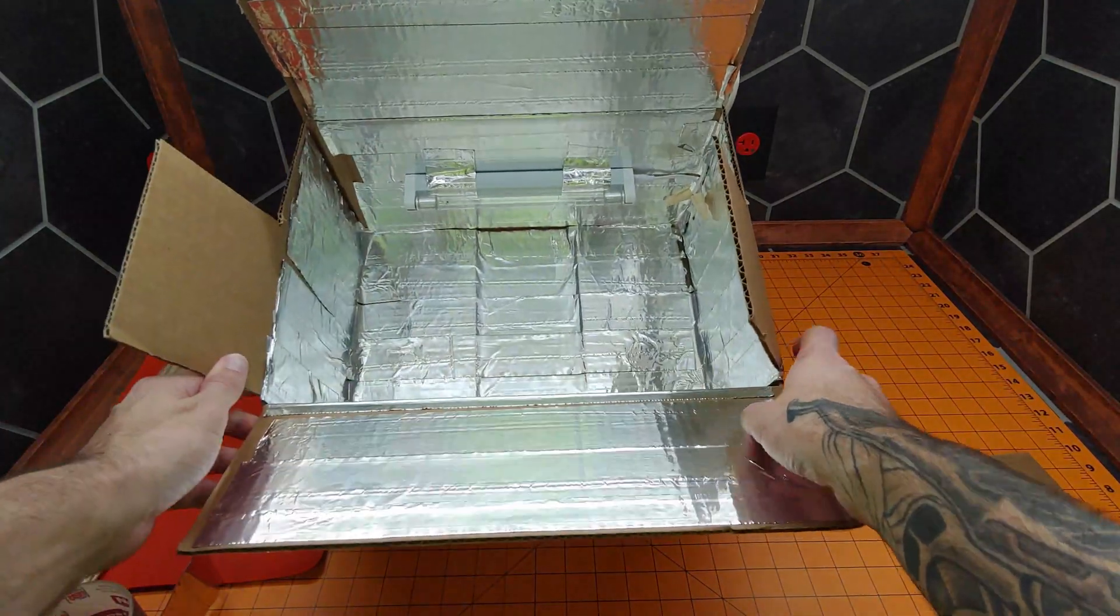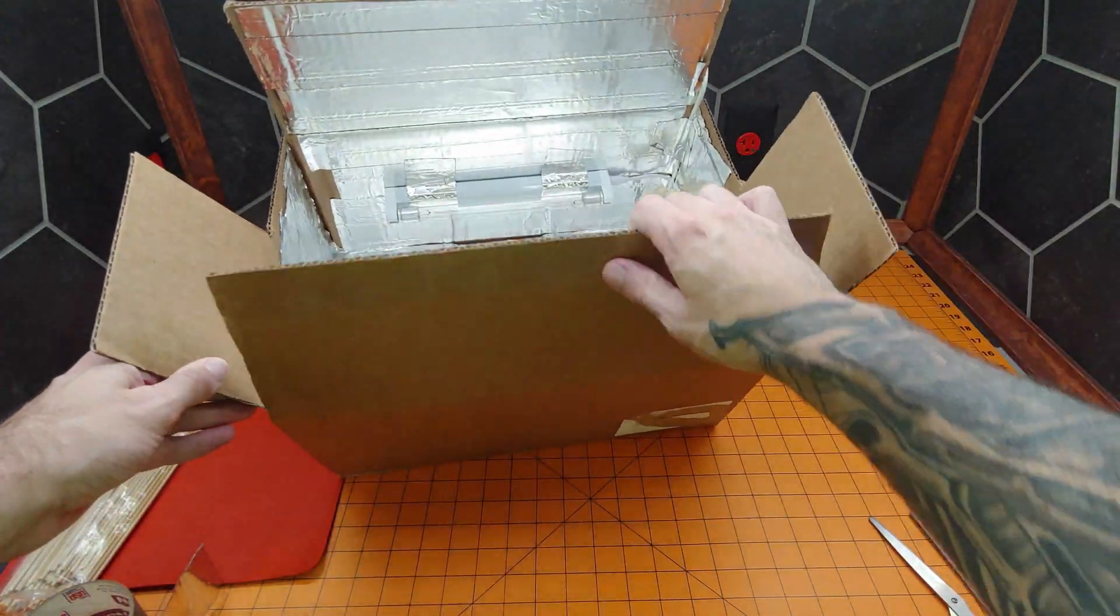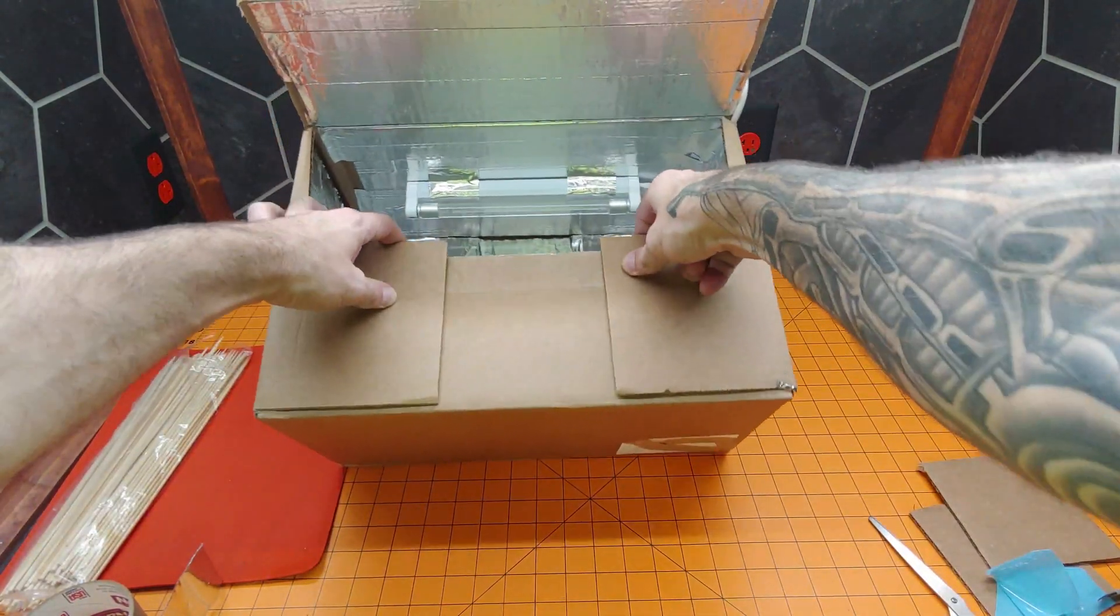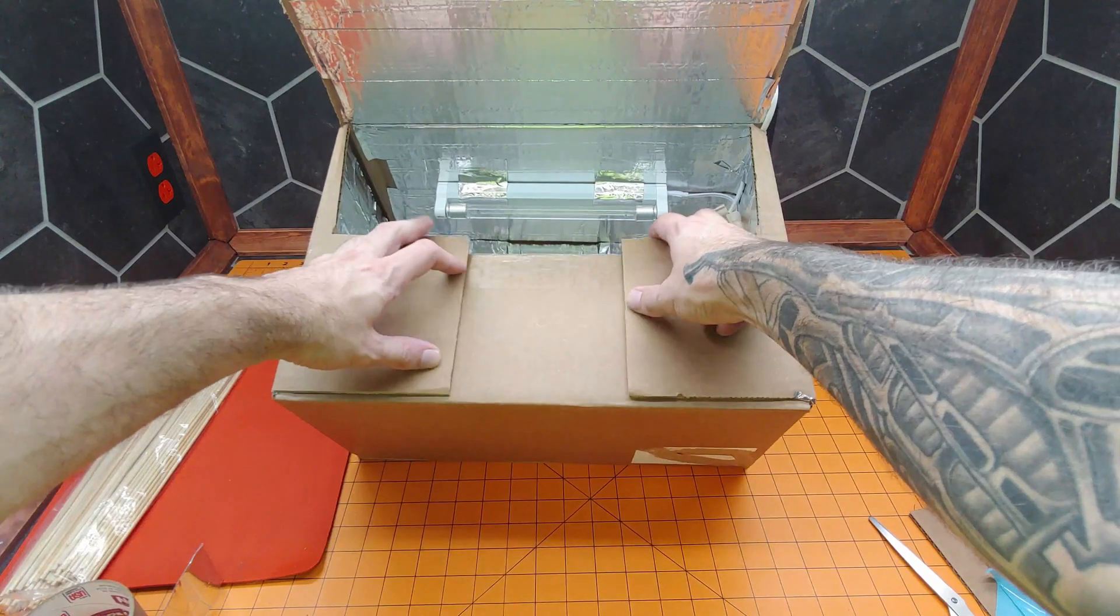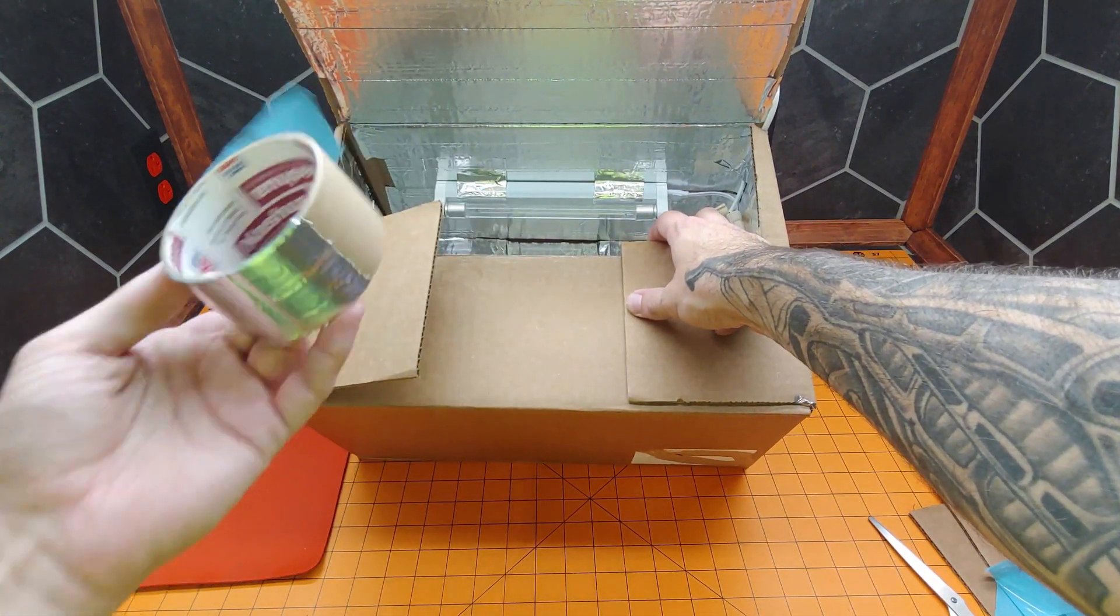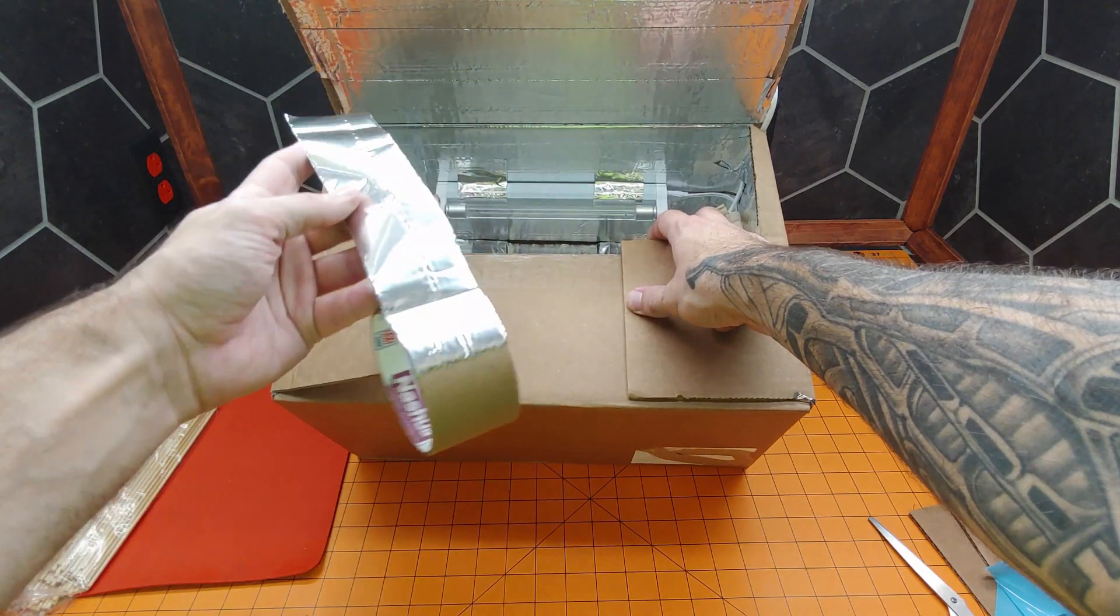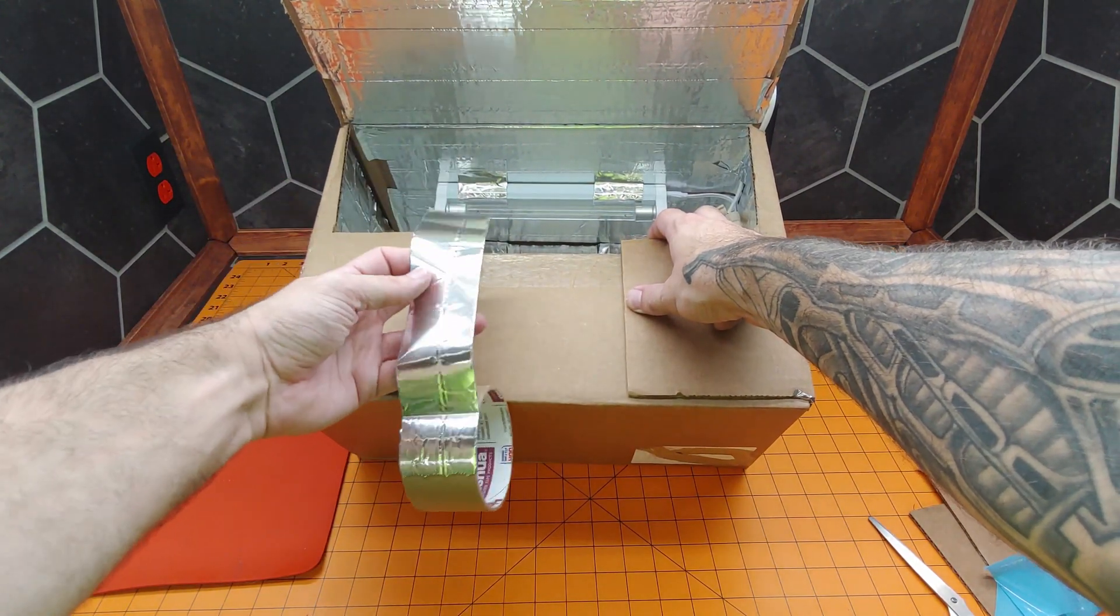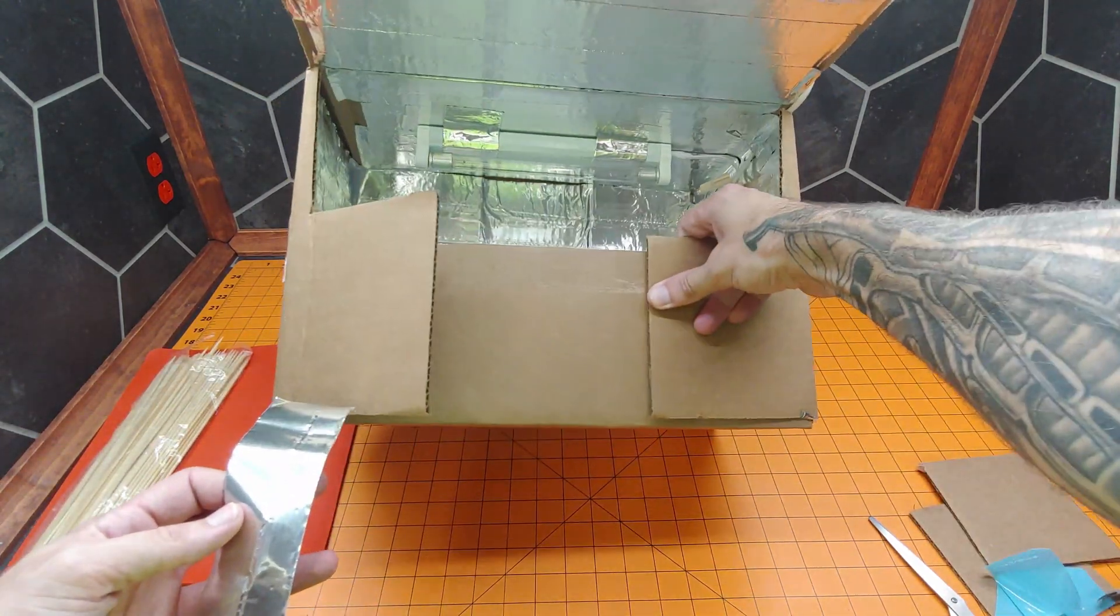And there we go. So, all right, the last step is sealing up, well, not the last step, the next step in the process is sealing up these flaps. And well, we still have more tape. Not much mind you. This was about 10 meters or 10 yards of tape and we've used almost all of it in a box this big.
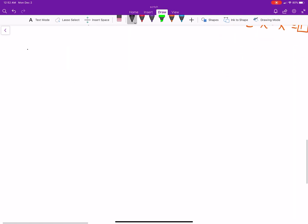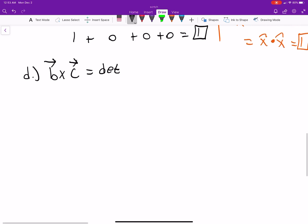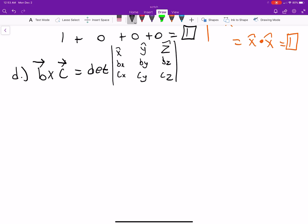Now let's move on to Part D. Part D says B cross C equals what? B cross C is the determinant of x-hat, y-hat, z-hat in the first row; B_x, B_y, B_z in the second row; and C_x, C_y, C_z in the third row. That is one of our definitions of the cross product via the determinant.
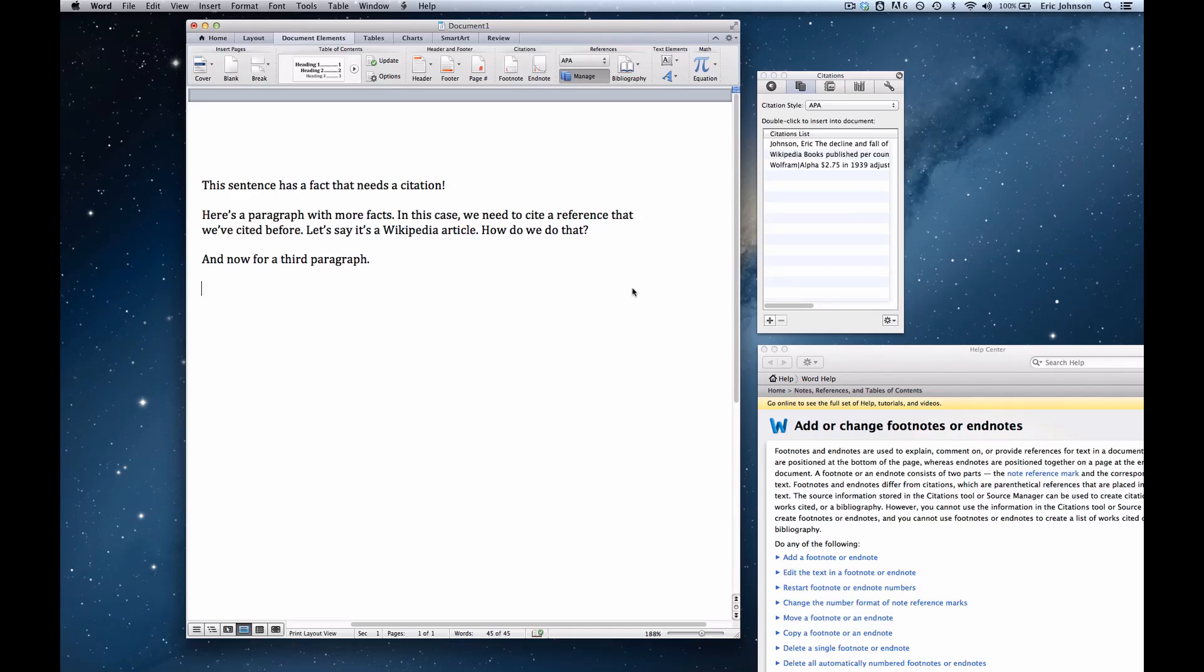In this video, I'm going to show you how to place citations in footnotes in Microsoft Word for Mac 2011.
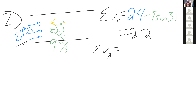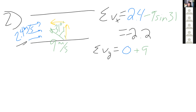For the y-component, the boat's velocity has a component directed across the river, pointing upward — that's the positive y-direction. So the y-component is +9·cos(31°), which gives approximately 7.7 m/s. The problem asks for the magnitude and direction, not just the x and y components. The magnitude of the velocity is the square root of the x-component squared plus the y-component squared.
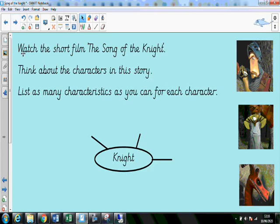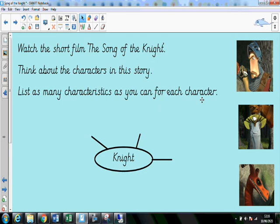I'm going to ask you to watch the short film The Song of the Night and I want you to think about the characters in this story. You're going to list as many characteristics as you can find for each character. We've already seen The Knight. You might record your ideas in a grid, or in a mind map or spider diagram like this one. How would you describe The Knight just from those few seconds?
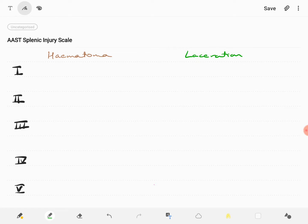In this video we are going to discuss the splenic injury scale given by the AAST, that is the American Association for the Surgery of Trauma.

TASK GOAL.
Transcribe the records above exactly as they appear, leaving out any pictures.

RESPONSE TO THE TASK.
And there we go. So, all right, the last step is sealing up, well, not the last step, the next step in the process is sealing up these flaps. And well, we still have more tape. Not much mind you. This was about 10 meters or 10 yards of tape and we've used almost all of it in a box this big.
Now let's move on to Part D. Part D says B cross C equals what? B cross C is the determinant of x-hat, y-hat, z-hat in the first row; B_x, B_y, B_z in the second row; and C_x, C_y, C_z in the third row. That is one of our definitions of the cross product via the determinant.
In this video, I'm going to show you how to place citations in footnotes in Microsoft Word for Mac 2011.
For the y-component, the boat's velocity has a component directed across the river, pointing upward — that's the positive y-direction. So the y-component is +9·cos(31°), which gives approximately 7.7 m/s. The problem asks for the magnitude and direction, not just the x and y components. The magnitude of the velocity is the square root of the x-component squared plus the y-component squared.
I'm going to ask you to watch the short film The Song of the Night and I want you to think about the characters in this story. You're going to list as many characteristics as you can find for each character. We've already seen The Knight. You might record your ideas in a grid, or in a mind map or spider diagram like this one. How would you describe The Knight just from those few seconds?
In this video we are going to discuss the splenic injury scale given by the AAST, that is the American Association for the Surgery of Trauma.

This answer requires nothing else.